REQUIRED WORK -
Repeat only the lines below from the one containing "Chucks Lawn Cuts Llc headshot" through the one containing "Lemark LM0411C Ручной", inclusive, exactly as written.

Top of RECORDS SUPPLIED

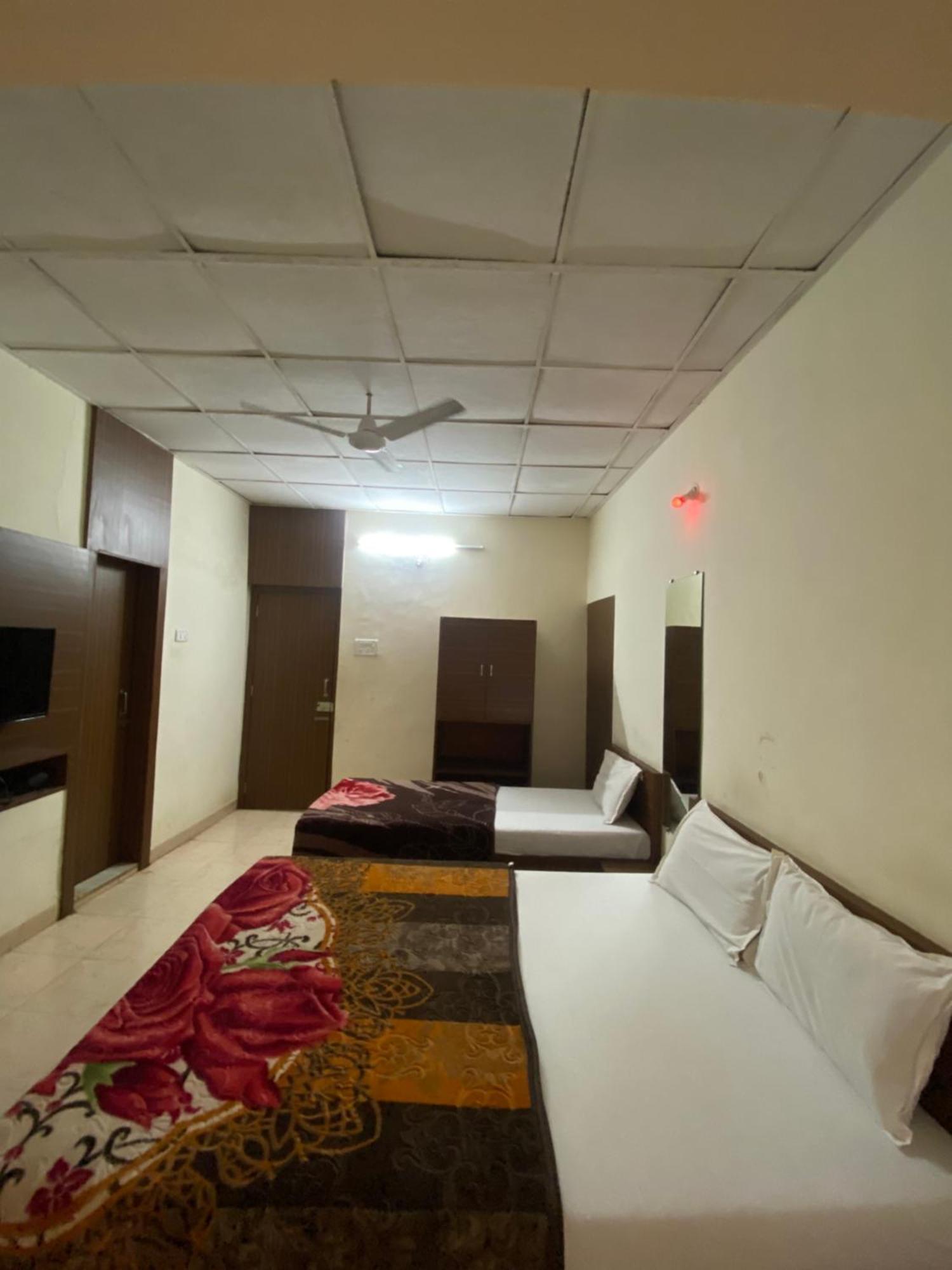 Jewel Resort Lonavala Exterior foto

Bottom of RECORDS SUPPLIED
Top of RECORDS SUPPLIED

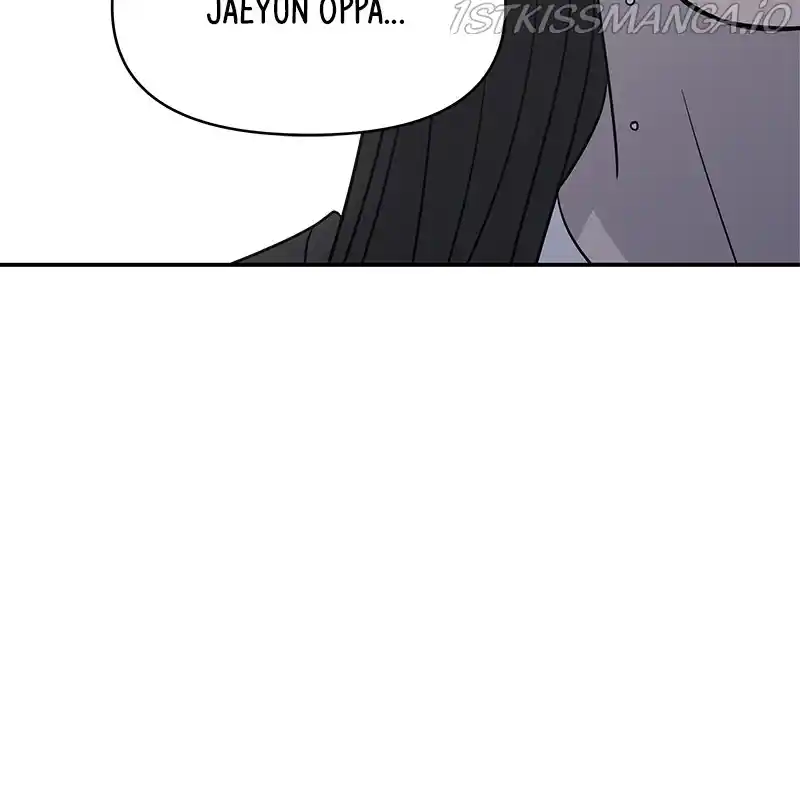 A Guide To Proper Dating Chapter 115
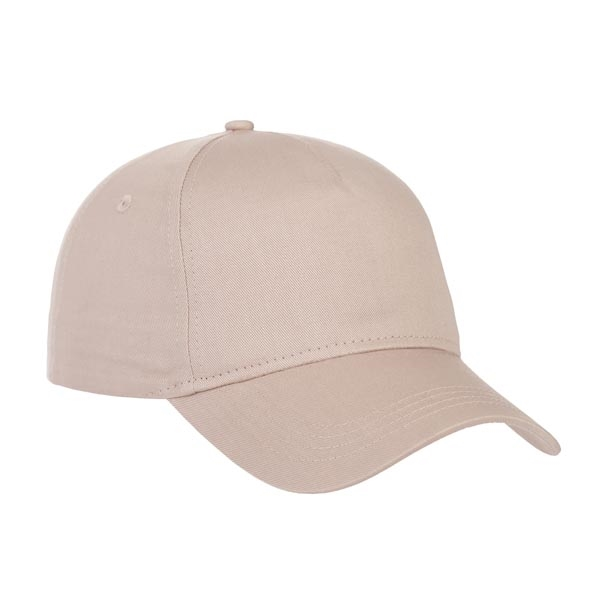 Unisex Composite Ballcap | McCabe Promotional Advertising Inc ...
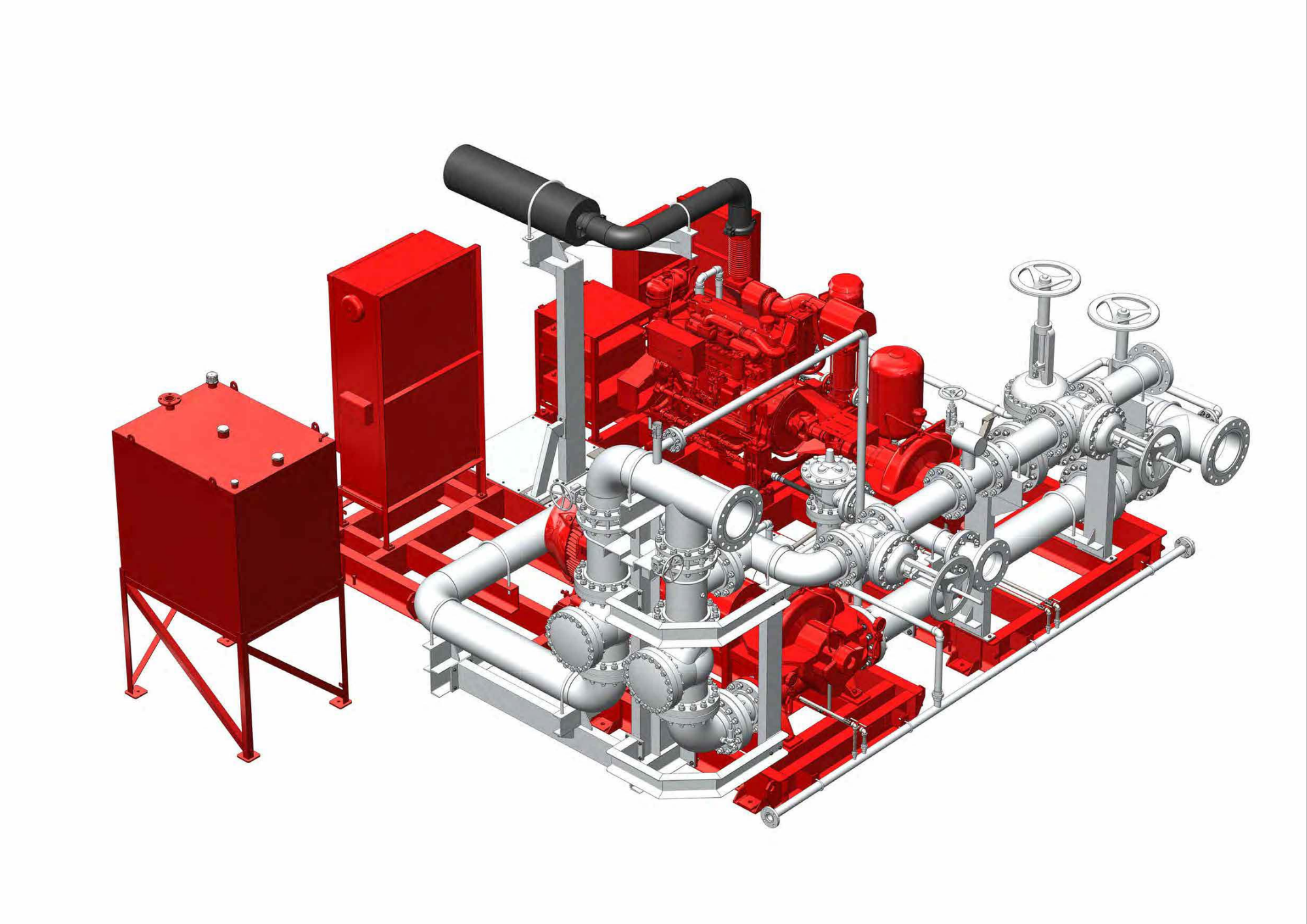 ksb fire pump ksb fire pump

Bottom of RECORDS SUPPLIED
Top of RECORDS SUPPLIED

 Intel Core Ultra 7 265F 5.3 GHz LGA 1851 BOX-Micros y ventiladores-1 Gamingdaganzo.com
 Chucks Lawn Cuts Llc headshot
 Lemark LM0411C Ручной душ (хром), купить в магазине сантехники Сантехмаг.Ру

Bottom of RECORDS SUPPLIED

SOLUTION TO THIS PROBLEM -
 Chucks Lawn Cuts Llc headshot
 Lemark LM0411C Ручной душ (хром), купить в магазине сантехники Сантехмаг.Ру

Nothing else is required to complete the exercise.